In November 2019 the NGO Mexican Commission for the Defense and Promotion of Human Rights released a 12-year study on torture, which registered 27,342 investigations from 2006 to 2018. There were 10,787 federal investigations and 16,555 state-level investigations, of which 50 resulted in sentences, 15 of which were later exonerated.
Between January and August 20, the CNDH registered 25 complaints of torture and 132 for arbitrary detention. The majority of these complaints were against authorities in the Prosecutor General’s Office, Federal Police, Interior Ministry, and the navy. As of April, 20 of 32 states had specialized prosecutor’s offices for torture as called for by law.
On July 27, Adolfo Gomez was found dead in his jail cell in Chiapas. Authorities declared Gomez hanged himself, but his family said his body showed signs of torture. Gomez was arrested with his wife Josefa in an operation that authorities stated uncovered a trafficking ring of 23 children, but later evidence showed the children were all members of the same extended family and were with their relatives. In August the Chiapas State Prosecutor General’s Office confirmed Gomez committed suicide and announced the arrest of the director and two penitentiary center employees accused of flagrant omission in their duty of care. The accused were released shortly after.

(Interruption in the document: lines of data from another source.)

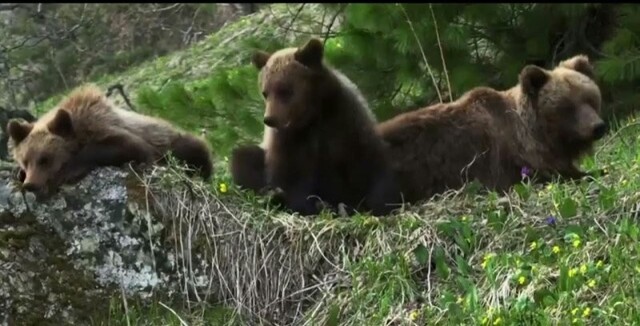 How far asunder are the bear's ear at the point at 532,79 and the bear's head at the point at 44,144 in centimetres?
277

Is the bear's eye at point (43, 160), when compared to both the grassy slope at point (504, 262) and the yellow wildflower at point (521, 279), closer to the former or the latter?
the grassy slope at point (504, 262)

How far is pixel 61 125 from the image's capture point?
6.96m

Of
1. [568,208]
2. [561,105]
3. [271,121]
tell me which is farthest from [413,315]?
[561,105]

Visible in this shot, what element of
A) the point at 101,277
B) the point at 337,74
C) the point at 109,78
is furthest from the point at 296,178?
the point at 109,78

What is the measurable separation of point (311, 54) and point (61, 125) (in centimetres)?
156

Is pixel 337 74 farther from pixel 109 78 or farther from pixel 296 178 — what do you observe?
pixel 109 78

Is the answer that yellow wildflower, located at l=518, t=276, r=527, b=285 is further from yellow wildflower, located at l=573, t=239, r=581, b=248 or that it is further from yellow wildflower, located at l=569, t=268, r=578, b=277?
yellow wildflower, located at l=573, t=239, r=581, b=248

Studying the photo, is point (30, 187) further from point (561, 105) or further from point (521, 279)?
point (561, 105)

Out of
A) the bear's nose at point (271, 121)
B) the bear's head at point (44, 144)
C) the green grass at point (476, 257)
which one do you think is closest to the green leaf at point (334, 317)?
the green grass at point (476, 257)

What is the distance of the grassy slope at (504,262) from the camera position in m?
→ 5.08

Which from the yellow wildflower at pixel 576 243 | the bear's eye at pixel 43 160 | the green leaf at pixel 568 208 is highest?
the bear's eye at pixel 43 160

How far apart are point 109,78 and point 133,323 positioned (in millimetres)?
13774

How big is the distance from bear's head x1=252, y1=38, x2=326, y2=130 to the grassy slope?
1097mm

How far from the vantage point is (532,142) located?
24.1 ft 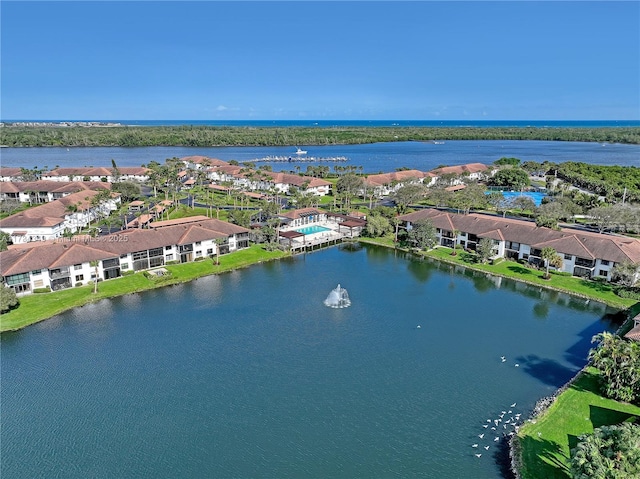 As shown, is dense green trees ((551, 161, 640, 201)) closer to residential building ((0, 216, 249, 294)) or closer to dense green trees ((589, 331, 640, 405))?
dense green trees ((589, 331, 640, 405))

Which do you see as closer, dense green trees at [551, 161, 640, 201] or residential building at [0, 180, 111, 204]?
dense green trees at [551, 161, 640, 201]

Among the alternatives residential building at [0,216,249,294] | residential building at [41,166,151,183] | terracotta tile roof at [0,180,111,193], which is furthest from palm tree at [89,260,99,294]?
residential building at [41,166,151,183]

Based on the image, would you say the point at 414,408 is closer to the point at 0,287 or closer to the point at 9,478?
the point at 9,478

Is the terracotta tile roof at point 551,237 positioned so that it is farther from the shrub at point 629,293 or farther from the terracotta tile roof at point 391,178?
the terracotta tile roof at point 391,178

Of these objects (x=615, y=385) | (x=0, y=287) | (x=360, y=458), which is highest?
(x=0, y=287)

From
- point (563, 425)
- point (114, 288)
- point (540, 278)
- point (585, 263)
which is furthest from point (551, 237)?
point (114, 288)

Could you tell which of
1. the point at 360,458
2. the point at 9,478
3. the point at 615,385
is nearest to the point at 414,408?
the point at 360,458

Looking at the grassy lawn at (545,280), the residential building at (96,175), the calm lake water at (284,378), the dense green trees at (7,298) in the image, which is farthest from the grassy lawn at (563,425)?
the residential building at (96,175) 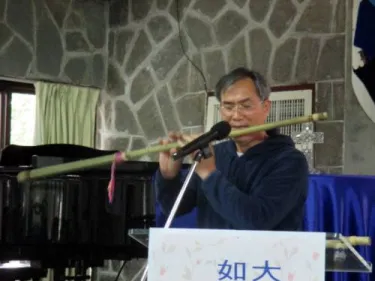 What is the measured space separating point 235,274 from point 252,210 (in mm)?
→ 448

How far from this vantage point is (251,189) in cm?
189

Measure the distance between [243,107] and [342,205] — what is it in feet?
2.65

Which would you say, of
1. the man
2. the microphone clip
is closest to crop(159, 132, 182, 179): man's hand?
the man

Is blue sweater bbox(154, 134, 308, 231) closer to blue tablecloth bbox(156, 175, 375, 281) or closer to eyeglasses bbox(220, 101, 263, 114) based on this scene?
eyeglasses bbox(220, 101, 263, 114)

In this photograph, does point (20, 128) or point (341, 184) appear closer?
point (341, 184)

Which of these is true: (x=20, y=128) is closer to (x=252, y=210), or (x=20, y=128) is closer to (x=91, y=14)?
(x=91, y=14)

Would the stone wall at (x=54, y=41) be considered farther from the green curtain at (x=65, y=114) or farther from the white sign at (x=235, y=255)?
the white sign at (x=235, y=255)

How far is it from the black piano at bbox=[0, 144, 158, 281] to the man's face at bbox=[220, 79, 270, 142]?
1.30 meters

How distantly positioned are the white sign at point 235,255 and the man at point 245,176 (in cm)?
42

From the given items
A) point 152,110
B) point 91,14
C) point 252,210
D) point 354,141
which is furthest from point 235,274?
point 91,14

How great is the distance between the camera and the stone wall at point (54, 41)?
185 inches

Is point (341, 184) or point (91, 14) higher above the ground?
point (91, 14)

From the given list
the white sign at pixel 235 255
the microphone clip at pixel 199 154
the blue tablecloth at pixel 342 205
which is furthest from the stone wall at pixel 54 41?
the white sign at pixel 235 255

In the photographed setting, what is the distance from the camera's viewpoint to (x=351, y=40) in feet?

Impunity for torture was prevalent among the security forces. NGOs stated authorities failed to investigate torture allegations adequately. As of January 2019 the Prosecutor General’s Office was investigating 4,296 torture-related inquiries under the previous inquisitorial legal system (initiated prior to the 2016 transition to an accusatorial system) and 645 investigations under the accusatorial system. A 2019 report by the Prosecutor General’s Office stated it brought charges in one torture case during that year. The Office of the UN High Commissioner for Human Rights (OHCHR) signed an agreement with the government in April 2019 to provide human rights training to the National Guard, but as of October the OHCHR reported no training had been carried out.
Conditions in prisons and detention centers were often harsh and life threatening.
Physical Conditions: According to the Federal Prison System, as of June there were 210,287 inmates in 295 state and federal facilities with a designed capacity of 221,574. Some prisons were undersubscribed while others were overcrowded. According to online media El Economista, 46 percent of prisoners shared a cell with five or more other inmates and 13 percent shared a cell with 15 or more inmates. The state of Baja California had the highest number of overcrowded cells.
The CNDH’s 2019 National Diagnostic of Penitentiary Supervision reported that state prisons were understaffed and suffered from poor sanitary conditions as well as a lack of opportunities for inmates to develop the skills necessary for social reintegration. The report singled out Guerrero, Tamaulipas, and Veracruz as the states with the worst prison conditions. The CNDH noted significant understaffing at all levels in federal prisons, which affected access to programs, activities, and medical services and promoted segregation of inmates.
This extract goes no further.